▶ EXERCISE:
After finding the line that holds "钢铁行业节能技术西安建筑科技大学ppt课件.ppt" below, set down that line and the rest through the final one exactly, leaving the pictures out.

--- DATA FOR PROCESSING ---

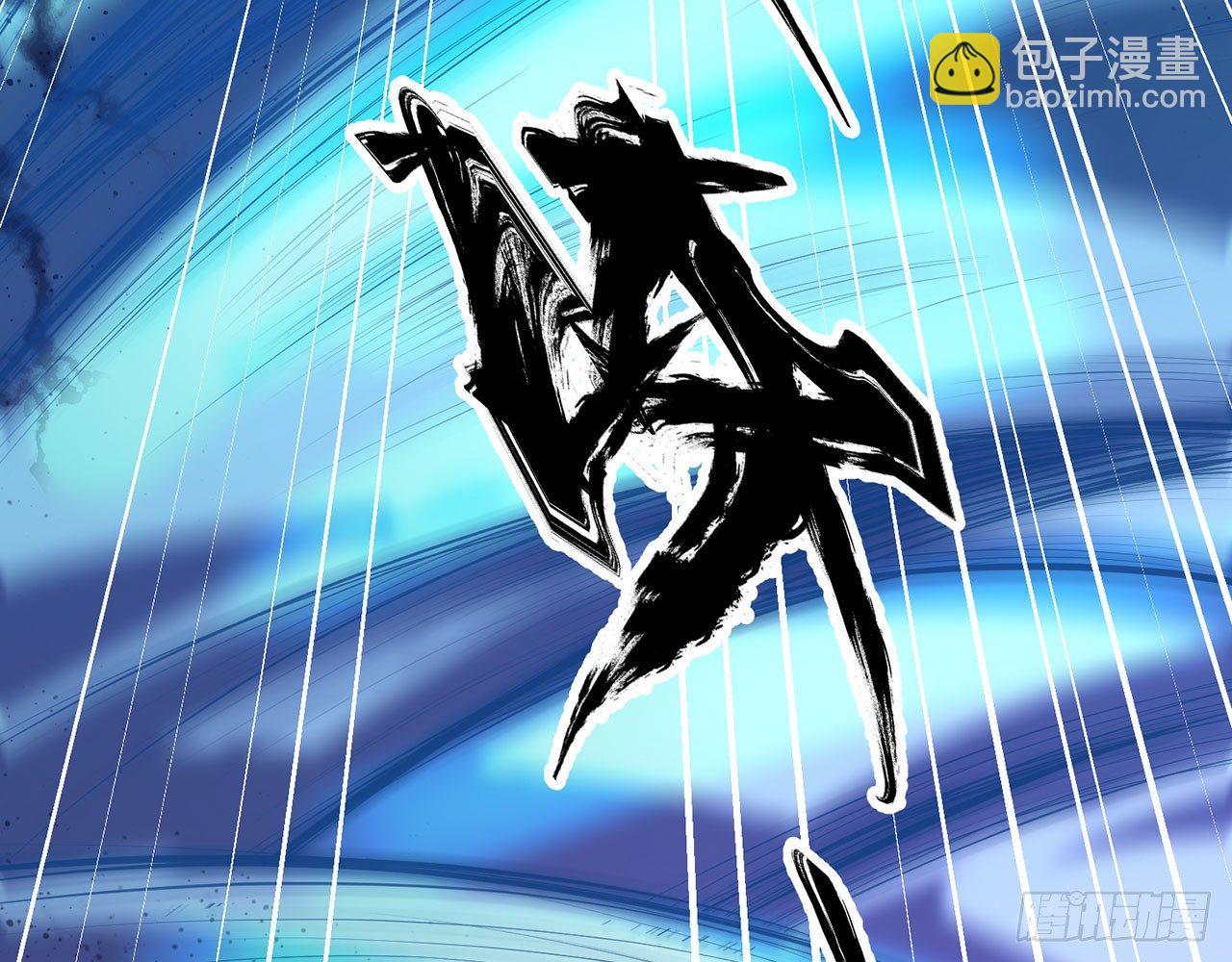 小鸥，上！(上)(1/2)-第19话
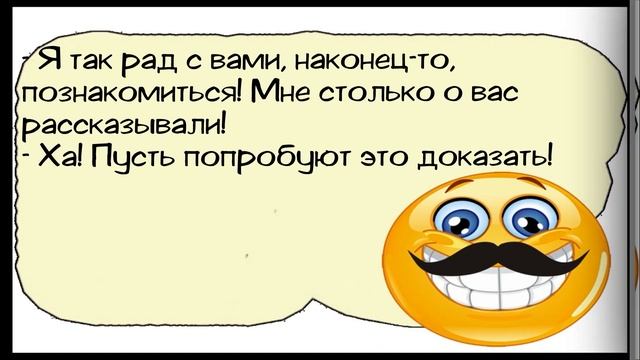 Смешные анекдоты - Витя! Ты что с фингалом с утра? смотреть онлайн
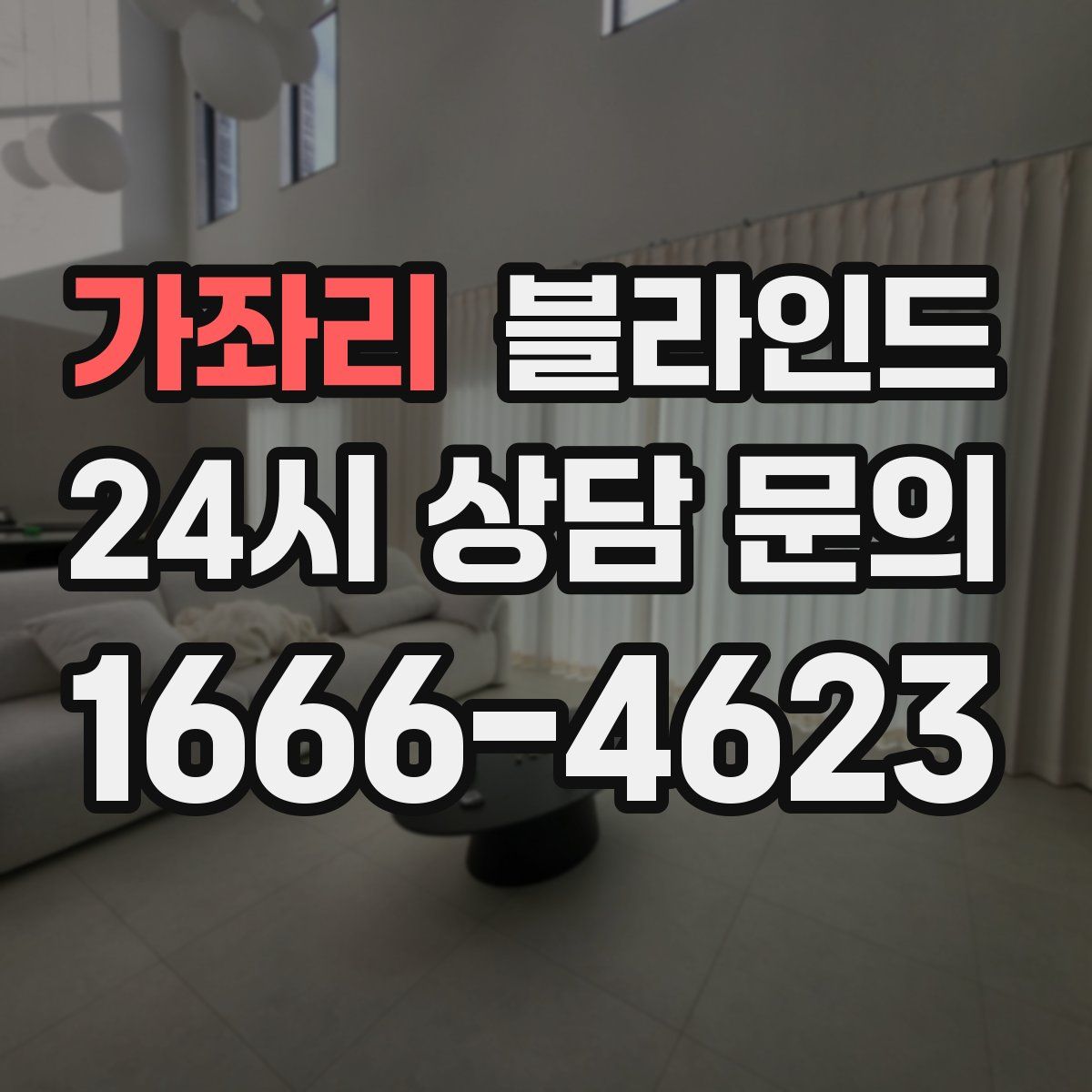 가좌리 블라인드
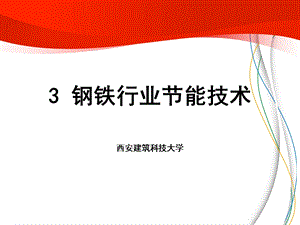 钢铁行业节能技术西安建筑科技大学ppt课件.ppt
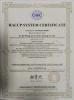Gu 'an Zhongxu Huachen Casing Co., LTD Certifications
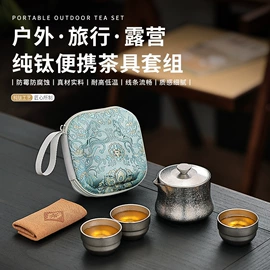 网漏、油格;烹饪勺铲;刨子、削皮器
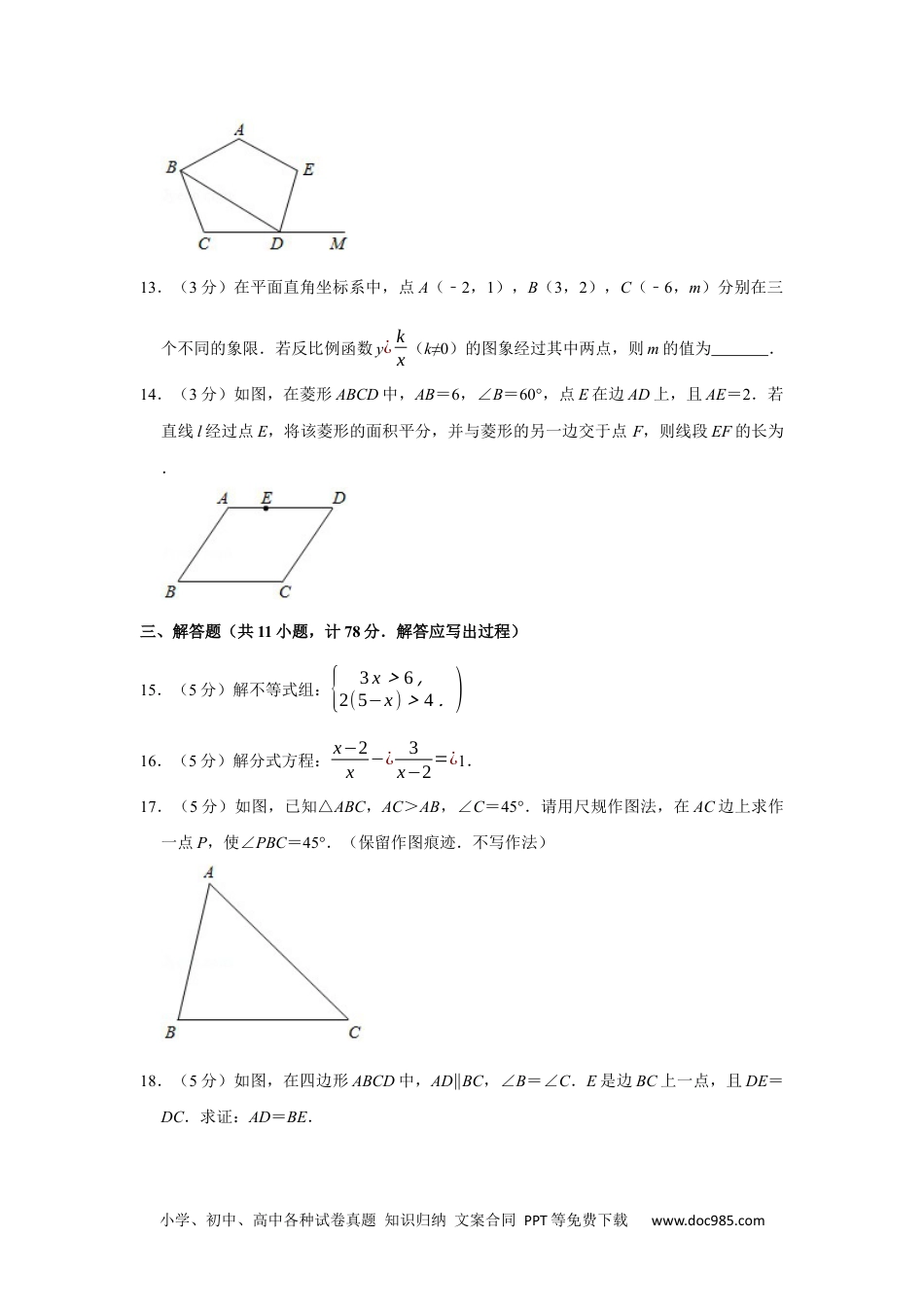 2020年陕西省中考数学试卷.docx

---

▶ SOLUTION TO THE EXERCISE:
 钢铁行业节能技术西安建筑科技大学ppt课件.ppt
Gu 'an Zhongxu Huachen Casing Co., LTD Certifications
 网漏、油格;烹饪勺铲;刨子、削皮器
 2020年陕西省中考数学试卷.docx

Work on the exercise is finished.